At times, Haas used very little music to set this libretto. He let the characters- sometimes as many as fourteen on stage at once- speak or sing through each other in a kind of storytelling counterpoint, set only against percussive elements or swelling, microtonal harmonic blocks. Percussion was used effectively throughout, with a bass drum amplified with a subwoofer heightening the sense of anxiety. Haas echoed the obsessive repetition in the libretto with similarly anxious gestures in the strings and winds. A swelling dominant-seventh chord with shimmering microtonal overtones always heralded the appearance of the ghostly parents, a detail which enhanced their simple haunting monosyllables.
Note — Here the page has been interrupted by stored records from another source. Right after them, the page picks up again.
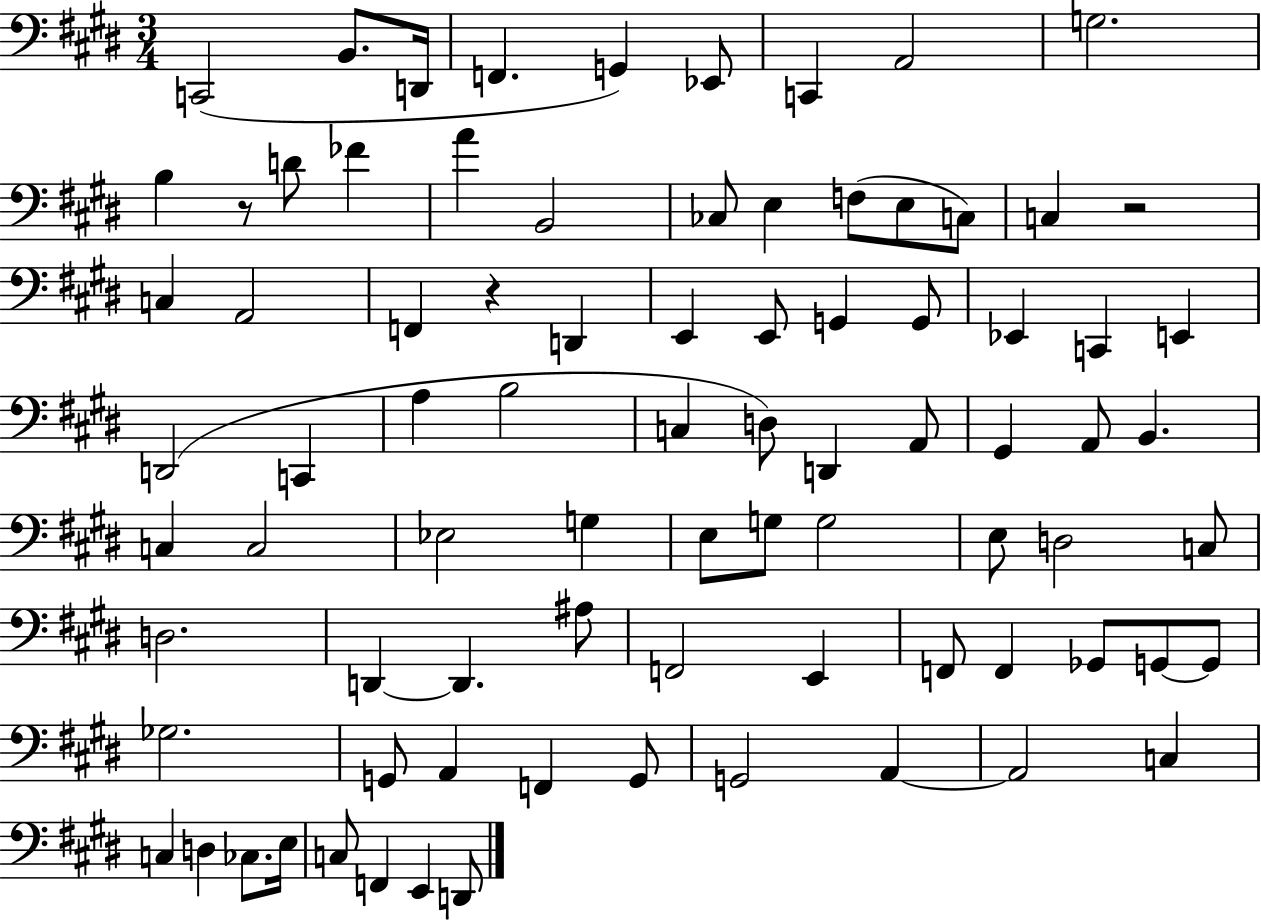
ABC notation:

X:1
T:Untitled
M:3/4
L:1/4
K:E
C,,2 B,,/2 D,,/4 F,, G,, _E,,/2 C,, A,,2 G,2 B, z/2 D/2 _F A B,,2 _C,/2 E, F,/2 E,/2 C,/2 C, z2 C, A,,2 F,, z D,, E,, E,,/2 G,, G,,/2 _E,, C,, E,, D,,2 C,, A, B,2 C, D,/2 D,, A,,/2 ^G,, A,,/2 B,, C, C,2 _E,2 G, E,/2 G,/2 G,2 E,/2 D,2 C,/2 D,2 D,, D,, ^A,/2 F,,2 E,, F,,/2 F,, _G,,/2 G,,/2 G,,/2 _G,2 G,,/2 A,, F,, G,,/2 G,,2 A,, A,,2 C, C, D, _C,/2 E,/4 C,/2 F,, E,, D,,/2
As the anxiety of the open house increased, the music built in intensity, culminating in a very long, almost intolerably overwhelming climax. Near the end of the opera, as some of the characters begin to find some clarity, a simple, unison, tonal melody began in the brass, looping in variations over increasingly complex harmonic situations until the end of the opera.
As always, the Klangforum Wien performed this dense and complex score with subtlety and precision. Conductor Peter Rundel had the huge task of not only leading the orchestra, but playing traffic cop for the dozens of characters on stage all trying to coordinate their simultaneous lines with the orchestra. He kept everything running smoothly, though sometimes without enough shape and differentiation between contrasting sections. For the most part, though, the small but powerful details of both libretto and score were realised beautifully. Soprano Sarah Wegener as Nadja matched her beautifully huge voice with subtle acting, which let the character breathe throughout this intense role.
The staging of this production also contained tiny, effective details which helped to differentiate the huge cast of characters that constantly arrived and left the stage. Costumes by Andrea Schmidt-Futterer firmly placed characters as either upper- or lower-class, and hinted at their values without being overly stereotyped. As the many open house visitors arrived, they imposed their own ideas and habits on the house, which was a strikingly white, modernist set designed by the director, Peter Mussbach. A particularly effective video, incorporated into the story, helped to depict the deeply creepy and evil side of the father’s character.
Haas said that he wanted to create this opera for the shockingly large portion of the population who have suffered abuse at the hands of parents or other family members. By reducing both music and speech to their barest and most emotional elements, Bluthaus is an intense but sensitive tribute to victims who are often left with no words at all.